Measuring and tracking inventory accurately has always been essential to smooth construction operations. Accurate inventory data decreases the cost of carrying inventory in warehouses, storage facilities, and sites. It creates a well-oiled construction workflow by ensuring the materials, tools, and consumables needed are on hand and properly stocked. It also allows inventory managers to understand the trends in material use and forecast future demand.
Updated and accurate inventory records will inform project managers when to order new items. If your warehouse is understocked, you may not have enough materials, tools, and equipment to fulfill your work obligations. If you are overstocked, your storage facility will be overcrowded and the construction site itself can become disorganized. Sorting these out can take a lot of time and significantly delay the project. And with the supply chain disruptions due to COVID-19, the delay can take even longer.
The lack of organization and accuracy in your inventory can also affect your relationship with clients and project stakeholders. Failing to meet client expectations especially with delays due to inventory mismanagement can affect your chance of doing any future business with them. They may even not recommend you at all to their industry peers.

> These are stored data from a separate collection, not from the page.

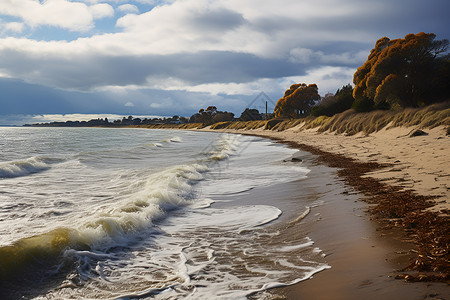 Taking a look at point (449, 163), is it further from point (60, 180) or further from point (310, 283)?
point (60, 180)

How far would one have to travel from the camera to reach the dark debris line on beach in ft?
10.0

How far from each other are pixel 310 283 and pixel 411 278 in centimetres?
93

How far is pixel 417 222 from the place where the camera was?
4543mm

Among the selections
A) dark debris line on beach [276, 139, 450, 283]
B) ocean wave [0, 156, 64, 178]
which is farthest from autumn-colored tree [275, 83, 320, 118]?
dark debris line on beach [276, 139, 450, 283]

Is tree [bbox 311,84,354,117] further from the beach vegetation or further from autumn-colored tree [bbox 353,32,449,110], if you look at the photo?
the beach vegetation

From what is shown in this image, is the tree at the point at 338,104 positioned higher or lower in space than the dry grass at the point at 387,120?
higher

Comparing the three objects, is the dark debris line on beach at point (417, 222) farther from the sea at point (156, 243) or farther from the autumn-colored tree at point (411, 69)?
the autumn-colored tree at point (411, 69)

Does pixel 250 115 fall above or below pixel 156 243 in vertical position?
above

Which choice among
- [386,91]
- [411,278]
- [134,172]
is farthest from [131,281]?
[386,91]

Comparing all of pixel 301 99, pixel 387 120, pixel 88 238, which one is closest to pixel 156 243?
pixel 88 238

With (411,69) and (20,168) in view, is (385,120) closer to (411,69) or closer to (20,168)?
(411,69)

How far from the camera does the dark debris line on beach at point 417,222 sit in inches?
120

Inventory Management in the Time of COVID-19
Ensuring that your construction inventory is accurate and updated is critical in these trying times. You may have to revisit how you perform inventory audits pre-COVID and identify opportunities for improvement and adjust it to the current situation. There are plenty of ways to audit current inventory levels, but with the COVID-19 situation, it is time to leverage new tech innovations for faster and more accurate auditing.
For instance, using digital inventory and tool tracking application software can drastically improve the efficiency of your inventory management. This type of software lets you manage your important assets from your computer, tablet, or smartphone even when you are far from the site and working at home. One useful feature of such apps is the tool history that tracks where and how your tools are used. This significantly reduces delays due to scrambling around and retracing steps to locate a lost item.
Aside from this, it may also be the right time to explore supplier alternatives. In this time where the transport of goods is severely limited, having a supplier close by will reduce your lead time, give you more control over your materials, and reduce overall costs.
As the world continues to battle the effects of COVID-19, ensuring the accuracy of your construction inventory is a big challenge. The sooner you can take control of your inventory management, the better your position will be to ensure business continuity.